══ Material provided

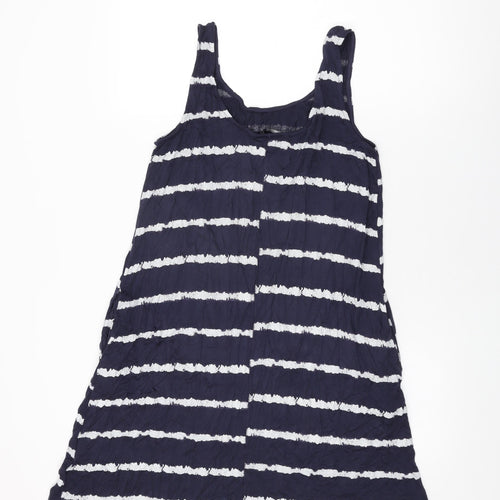 NEXT Womens Blue Striped Viscose Shift Size 14 Round Neck Pullover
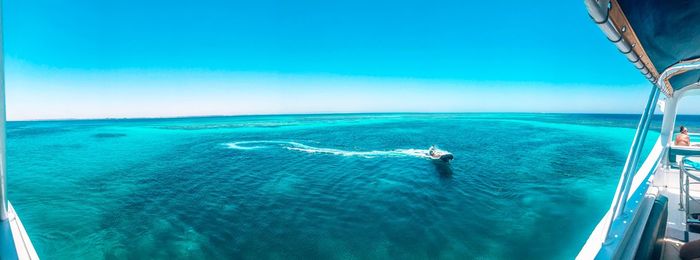 Scenic view of sea against blue sky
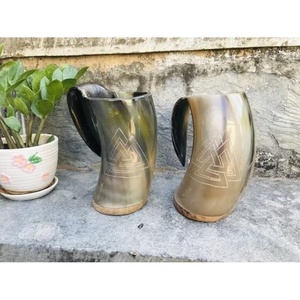 Z M CREATIONS Juego de Tazas para Beber Estilo Vikingo Medieval, de Cuerno de Buey Vintage, Ecológicas, Ligeras, Reutilizables, con Tapa de Bambú - Product Image 5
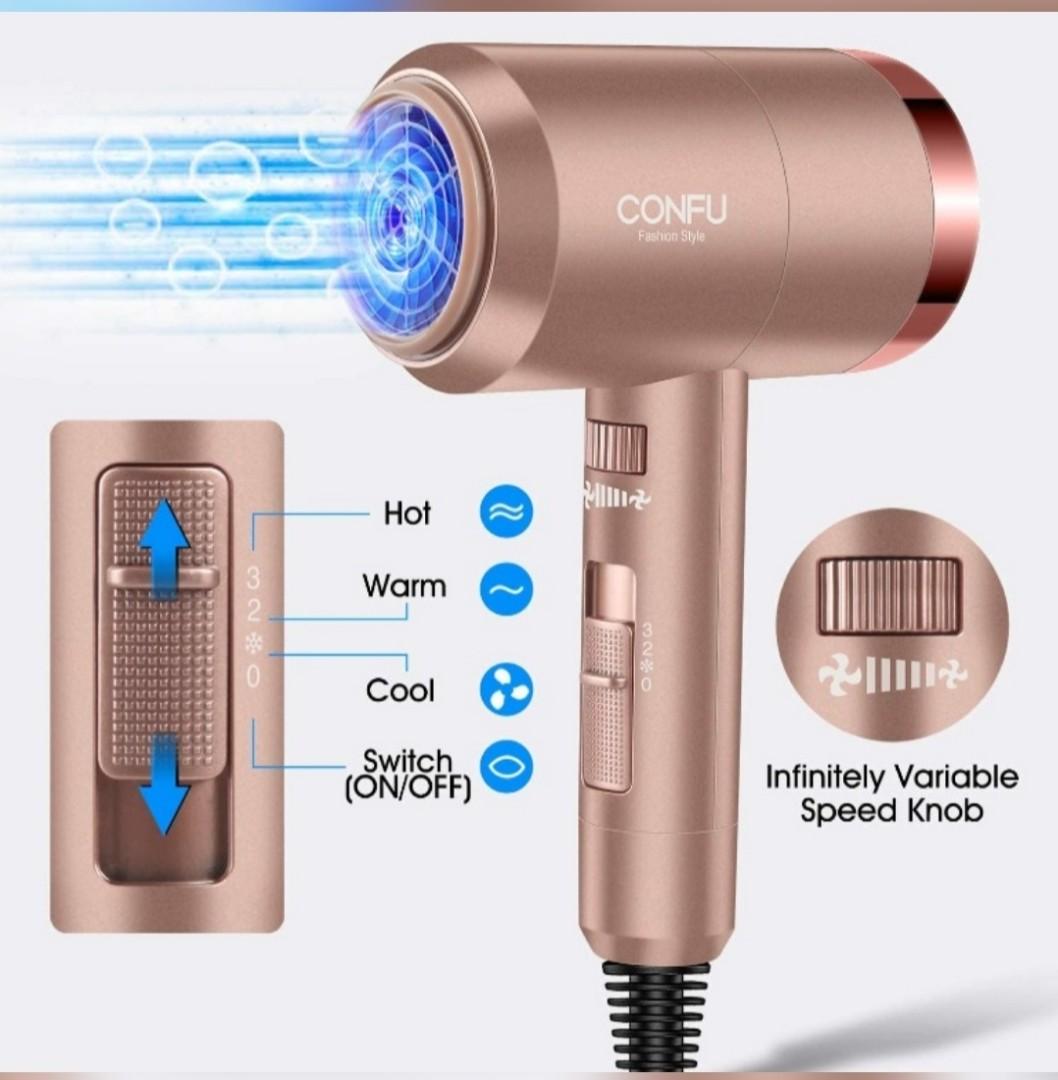 CONFU 1800W Professional Hair Dryer, Lightweight Hair Dryer, Ionic Hair  Dryers with Diffuser and Concentrator and Cool Fire Button for Travel Salon  Home Use, Beauty & Personal Care, Hair on Carousell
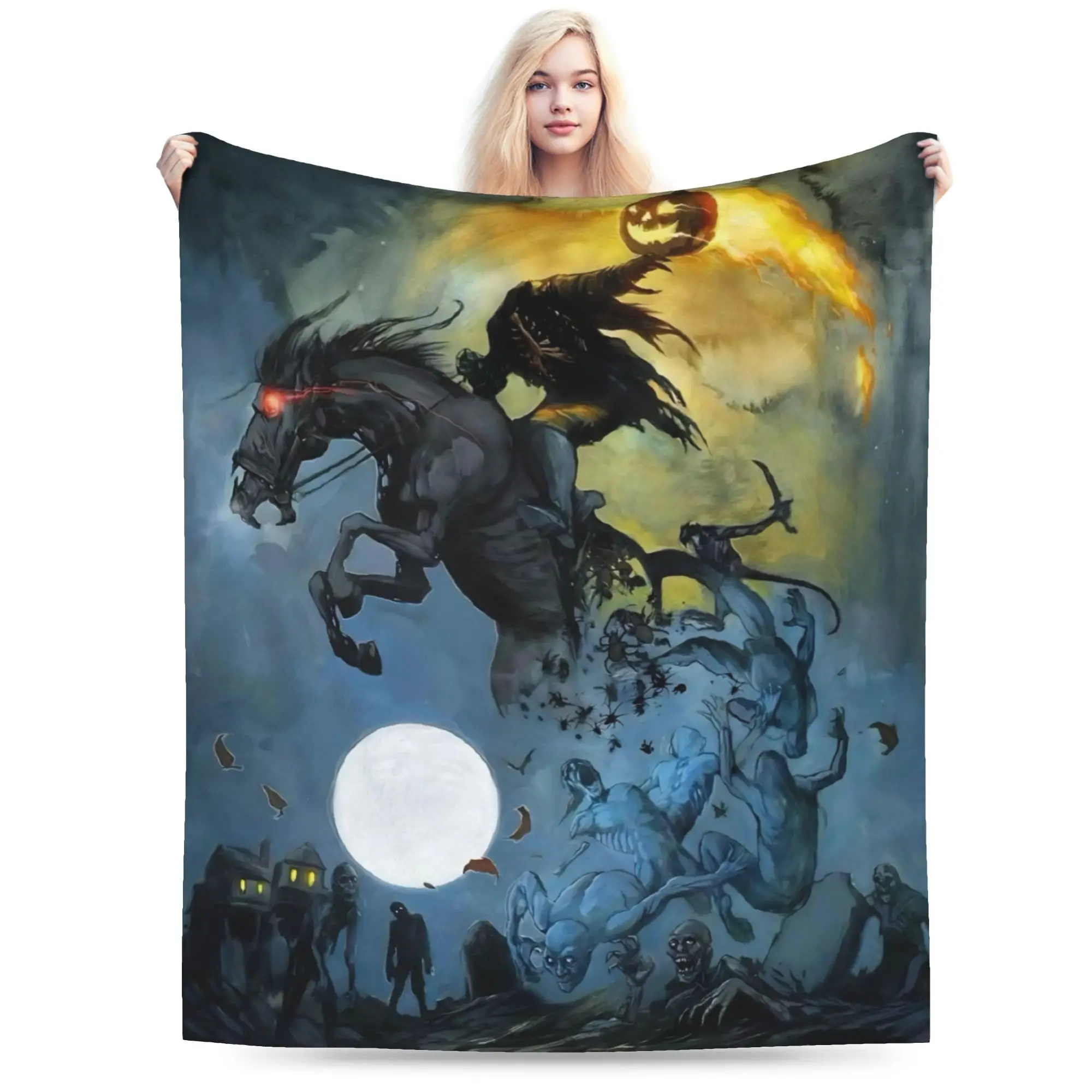 New Arrival Headless Horseman  Blanket Ultra-Soft Velvet  Cozy Throw Blankets Machine Washable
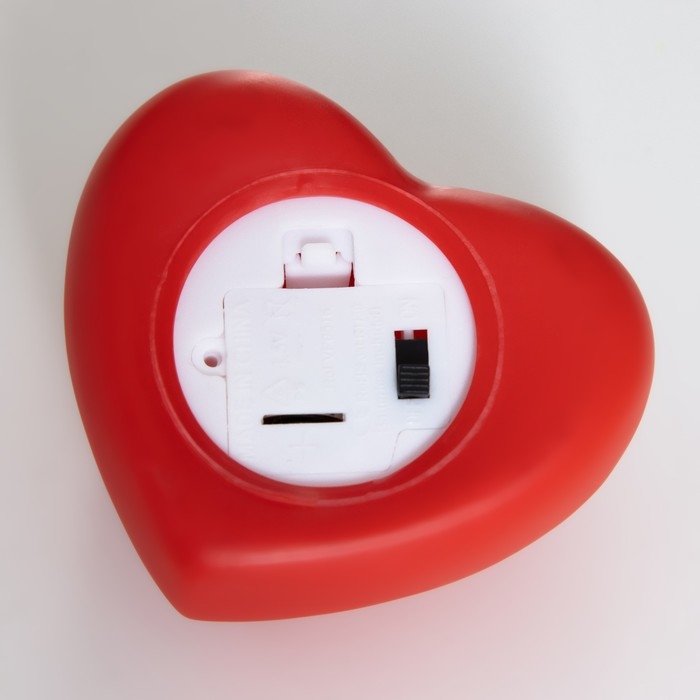 Ночник Сердце с цветочком LED красный 3,2х6х6,5 см Ночник Сердце с цветочком LED красный 3,2х6х6,5 см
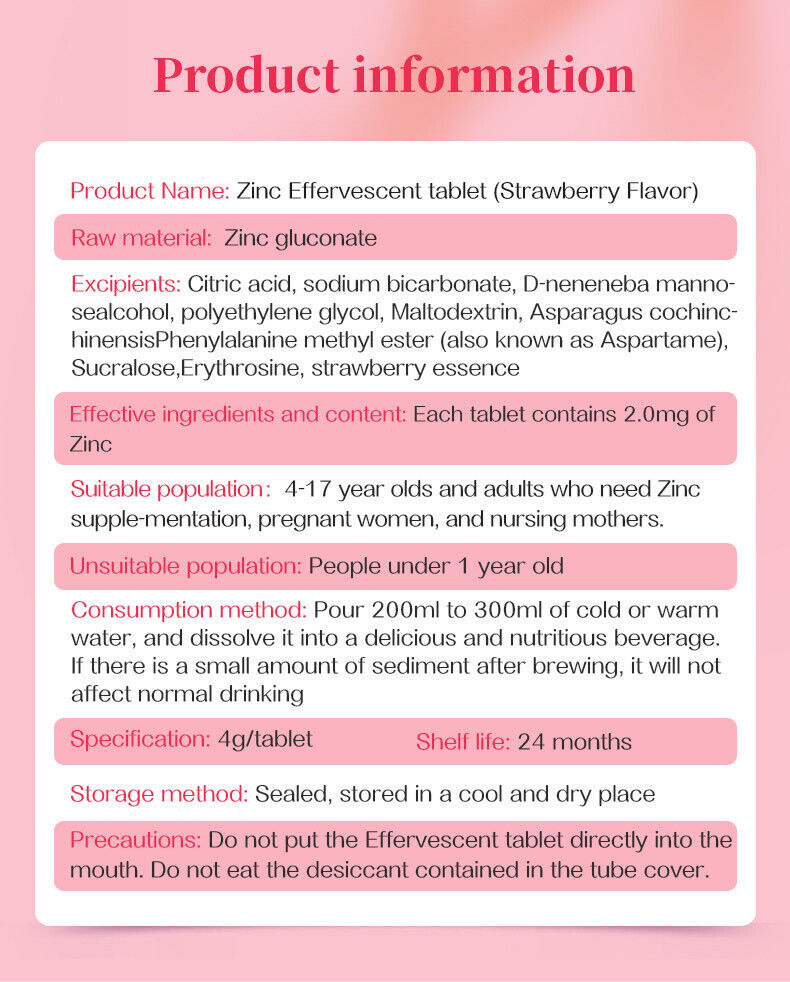 Winstown MULTIPLE V EFFEAVESCENT TABLET VC CaFeZnSe ZINC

════

The problem:
Please produce an exact copy of all the material, leaving out the pictures.

Your solution:
 NEXT Womens Blue Striped Viscose Shift Size 14 Round Neck Pullover
 Scenic view of sea against blue sky
 Z M CREATIONS Juego de Tazas para Beber Estilo Vikingo Medieval, de Cuerno de Buey Vintage, Ecológicas, Ligeras, Reutilizables, con Tapa de Bambú - Product Image 5
 CONFU 1800W Professional Hair Dryer, Lightweight Hair Dryer, Ionic Hair  Dryers with Diffuser and Concentrator and Cool Fire Button for Travel Salon  Home Use, Beauty & Personal Care, Hair on Carousell
 New Arrival Headless Horseman  Blanket Ultra-Soft Velvet  Cozy Throw Blankets Machine Washable
 Ночник Сердце с цветочком LED красный 3,2х6х6,5 см Ночник Сердце с цветочком LED красный 3,2х6х6,5 см
 Winstown MULTIPLE V EFFEAVESCENT TABLET VC CaFeZnSe ZINC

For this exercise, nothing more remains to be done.